Scraped caption text data:

══════════

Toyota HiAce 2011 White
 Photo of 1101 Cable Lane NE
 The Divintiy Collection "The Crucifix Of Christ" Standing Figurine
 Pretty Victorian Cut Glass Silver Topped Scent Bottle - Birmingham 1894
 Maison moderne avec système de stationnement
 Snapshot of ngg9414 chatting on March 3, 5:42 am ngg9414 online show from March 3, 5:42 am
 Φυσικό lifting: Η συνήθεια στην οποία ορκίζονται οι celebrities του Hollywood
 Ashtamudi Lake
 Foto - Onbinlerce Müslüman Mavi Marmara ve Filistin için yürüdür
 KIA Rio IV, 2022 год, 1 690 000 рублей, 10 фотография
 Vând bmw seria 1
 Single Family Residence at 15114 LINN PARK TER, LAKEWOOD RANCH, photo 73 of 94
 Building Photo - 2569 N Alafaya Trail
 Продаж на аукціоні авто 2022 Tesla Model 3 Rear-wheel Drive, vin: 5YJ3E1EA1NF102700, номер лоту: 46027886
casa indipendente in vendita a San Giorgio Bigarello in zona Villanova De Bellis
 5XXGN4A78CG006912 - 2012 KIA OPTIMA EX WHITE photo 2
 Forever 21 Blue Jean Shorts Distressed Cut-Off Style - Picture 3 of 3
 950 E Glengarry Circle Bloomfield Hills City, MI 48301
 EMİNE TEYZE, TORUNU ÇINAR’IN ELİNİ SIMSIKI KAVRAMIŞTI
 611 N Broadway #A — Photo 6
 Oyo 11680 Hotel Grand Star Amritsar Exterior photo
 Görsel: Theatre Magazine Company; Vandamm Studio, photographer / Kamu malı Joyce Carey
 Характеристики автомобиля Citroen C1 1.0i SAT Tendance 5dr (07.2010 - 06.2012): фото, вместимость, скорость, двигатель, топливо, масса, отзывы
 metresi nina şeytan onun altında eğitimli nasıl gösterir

══════════

## EXERCISE GOAL
All lines from the one containing "950 E Glengarry" through the last line of the data, both included, are to be retyped exactly, and no other line belongs in the answer.

## RESPONSE TO THIS EXERCISE
 950 E Glengarry Circle Bloomfield Hills City, MI 48301
 EMİNE TEYZE, TORUNU ÇINAR’IN ELİNİ SIMSIKI KAVRAMIŞTI
 611 N Broadway #A — Photo 6
 Oyo 11680 Hotel Grand Star Amritsar Exterior photo
 Görsel: Theatre Magazine Company; Vandamm Studio, photographer / Kamu malı Joyce Carey
 Характеристики автомобиля Citroen C1 1.0i SAT Tendance 5dr (07.2010 - 06.2012): фото, вместимость, скорость, двигатель, топливо, масса, отзывы
 metresi nina şeytan onun altında eğitimli nasıl gösterir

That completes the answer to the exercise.